→ **Activity**:
Instruction for the data below: set down exactly the lines from the line with "SAAM-Fabrice Chort) Au" to the line with "Used 2022 Buick", inclusive, and no others.
START Record set
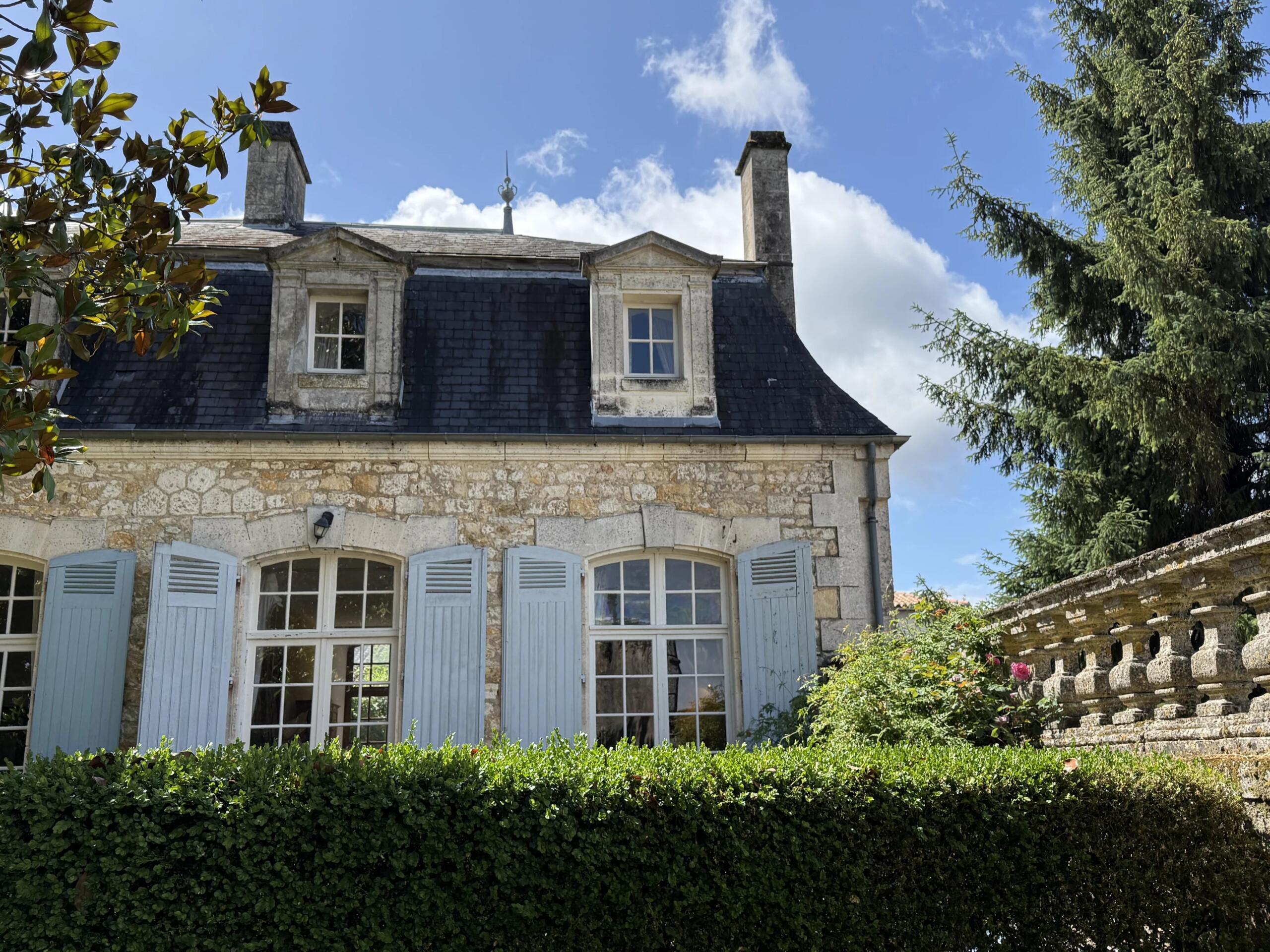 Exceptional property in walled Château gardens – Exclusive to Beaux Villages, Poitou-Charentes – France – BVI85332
END Record set
START Record set
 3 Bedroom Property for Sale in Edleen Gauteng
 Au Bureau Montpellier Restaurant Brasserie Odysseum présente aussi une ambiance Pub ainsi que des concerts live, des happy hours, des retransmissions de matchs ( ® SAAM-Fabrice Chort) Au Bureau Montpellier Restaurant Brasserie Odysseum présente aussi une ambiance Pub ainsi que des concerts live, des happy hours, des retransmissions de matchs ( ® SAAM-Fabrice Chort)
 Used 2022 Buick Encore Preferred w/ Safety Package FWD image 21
END Record set
START Record set
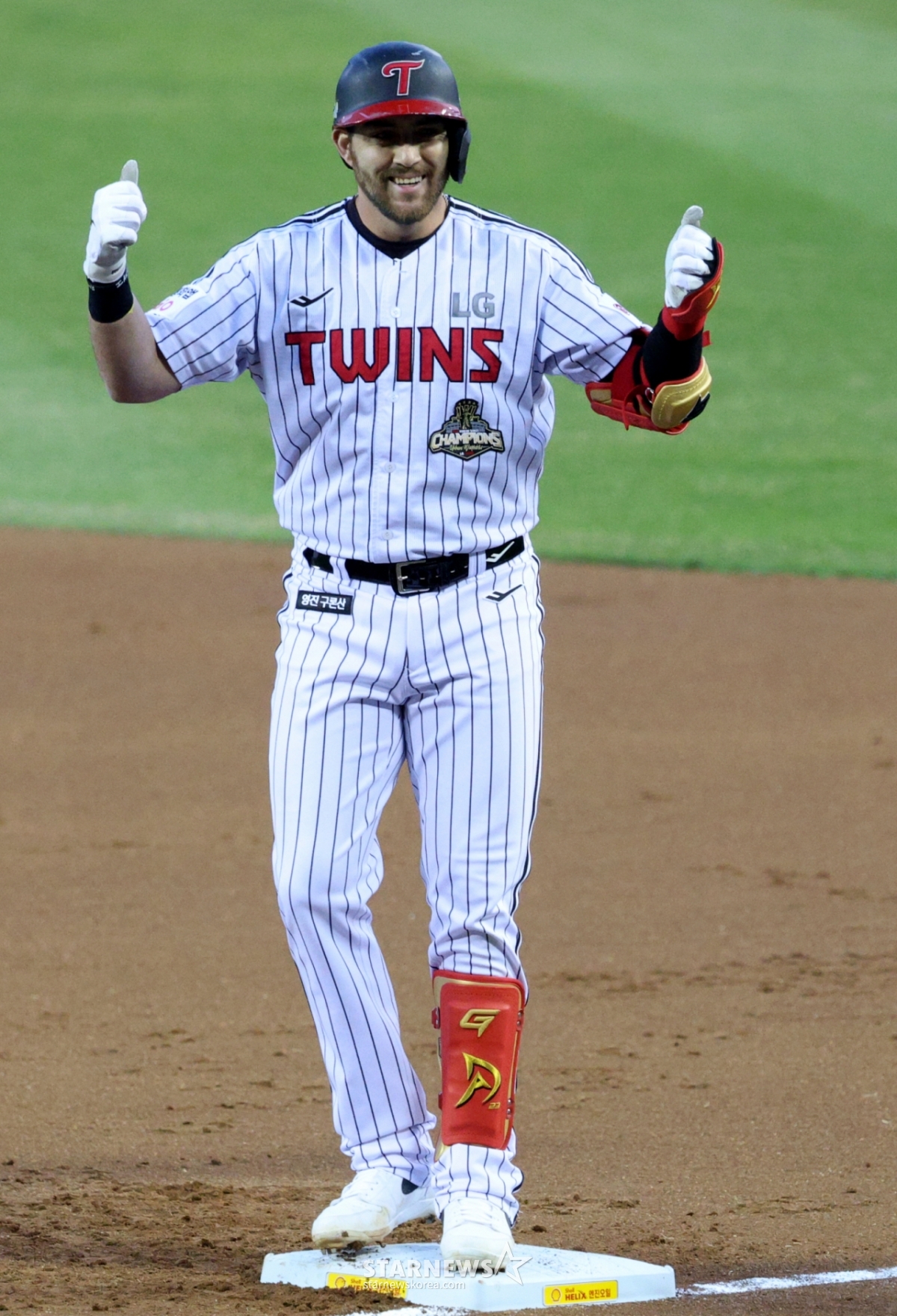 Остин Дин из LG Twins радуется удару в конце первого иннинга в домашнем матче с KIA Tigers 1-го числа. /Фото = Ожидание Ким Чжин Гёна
END Record set
→ **Your response**:
 Au Bureau Montpellier Restaurant Brasserie Odysseum présente aussi une ambiance Pub ainsi que des concerts live, des happy hours, des retransmissions de matchs ( ® SAAM-Fabrice Chort) Au Bureau Montpellier Restaurant Brasserie Odysseum présente aussi une ambiance Pub ainsi que des concerts live, des happy hours, des retransmissions de matchs ( ® SAAM-Fabrice Chort)
 Used 2022 Buick Encore Preferred w/ Safety Package FWD image 21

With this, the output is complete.